Here's some more about connecting those dots.
More on this Tampa Burn book I've been reading. Sure, it's just the latest book. Any book will do if you wish to make the connections. That E.M. Forster novel, in which he wrote, " Only connect. " That one will do. Or Moby Dick. That one was thick with coincidences. I posted on that one. You could look it up.
But it's the Randy Wayne White book I'm reading today. More dots...
Doc Ford's girlfriend, the woman named Dewey. Tennis player, a damn good one. Reminds me of Donna, my wife. Whose nickname is Duney.
Duney and I, before we got married, shopped around western Massachusetts for a place at which to hold our reception. We ended up choosing a place called The Red Basket, which is located on Route 10 in Southampton.
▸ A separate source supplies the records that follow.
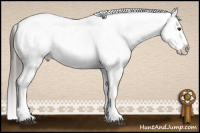 Horse Color:Liver Chestnut Sabino Splash Appaloosa and Liver Chestnut Sabino Splash Appaloosa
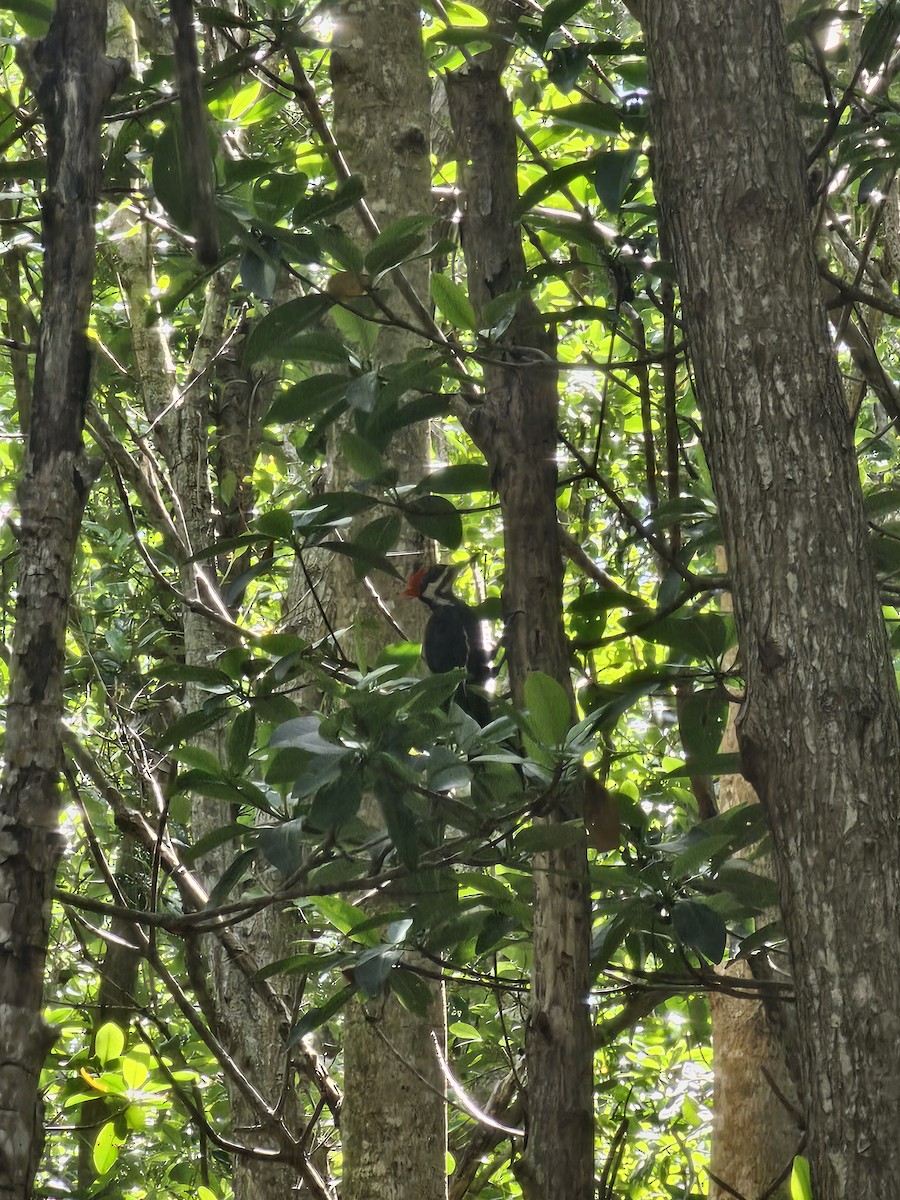 Pileated Woodpecker - ML622448207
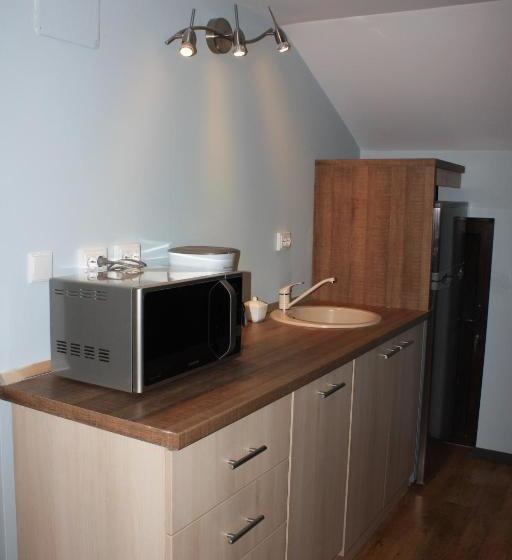 פנסיון Castelul Stirbey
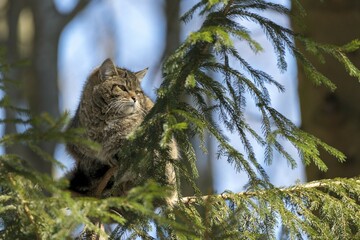 Wildcat (Felis silvestris) dozes in a tree, captive, Bavaria, Germany, Europe © Marcus Siebert/imageBROKER
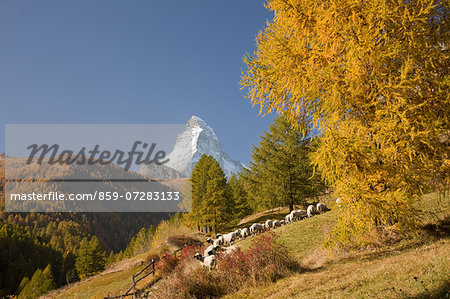 Zermatt, Switzerland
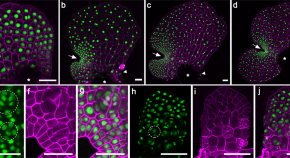 research paper on plant cell research paper on plant cell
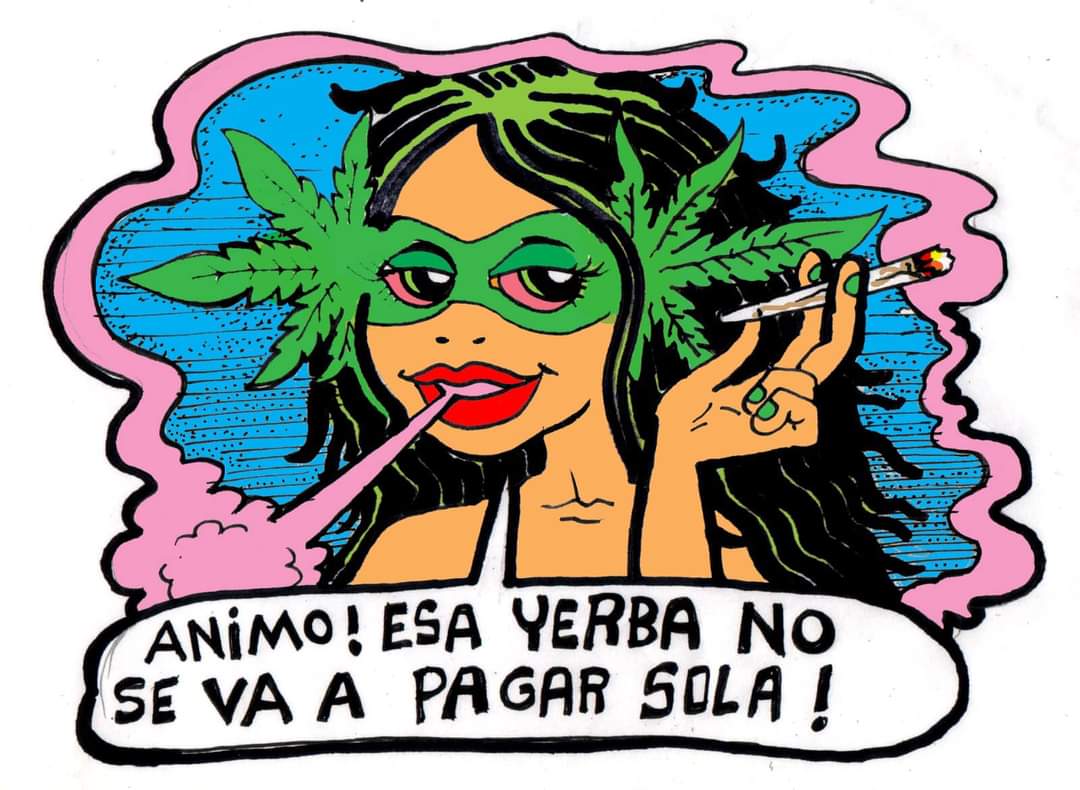 ando_volada_'s tweet photo. https://t.co/TXxMLcM2EQ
After we had picked that bar and grill, my mother informed us...
That was the place where she had met my father. Back in 1946.
The Red Basket ( Not The Red Coconut ) burned down about eight years ago. The Red Basket wasn't far from The Broadview, the bar in which Donna and I met in 1972. The Broadview was in Holyoke. It isn't there anymore.
It burned down.
Connecting the dots can go on and on and on. Donna's mother's name is Sarah. That was my father's mother's name. Donna's mother has a sister named Ray. Ray was my father's name. Donna's father's name was Daniel. That was my father's middle name.
Names. The one that comes to mind as I write this was the name of a woman who was married to the landlord of the apartment building where mom, dad and I lived in the 50s and 60s. When we moved into the apartment, a family named Russell lived there. I was 7. Bobby Russell was 5. A family named Duggan lived downstairs. There was a daughter, Mary Ann.
Years later, Mary Ann, Bobby and me would all end up working as newspaper reporters. What are the odds?
A few years ago, the current landlord, a guy name of Wally, was tearing down some walls in the house. Behind the walls were stuck pages and pages and pages of yellowed old newspapers. The newspapers were used, way back when, as insulation.
When I learned of the newspapers, I thought: " God! What a fire trap we all lived in. All those old newspaper pages...
Oh. And what was the name of that landlord's wife? The landlord who owned and maintained the building in which we future reporters then lived?
Her name was Dorothy. But everyone in town called her Dot.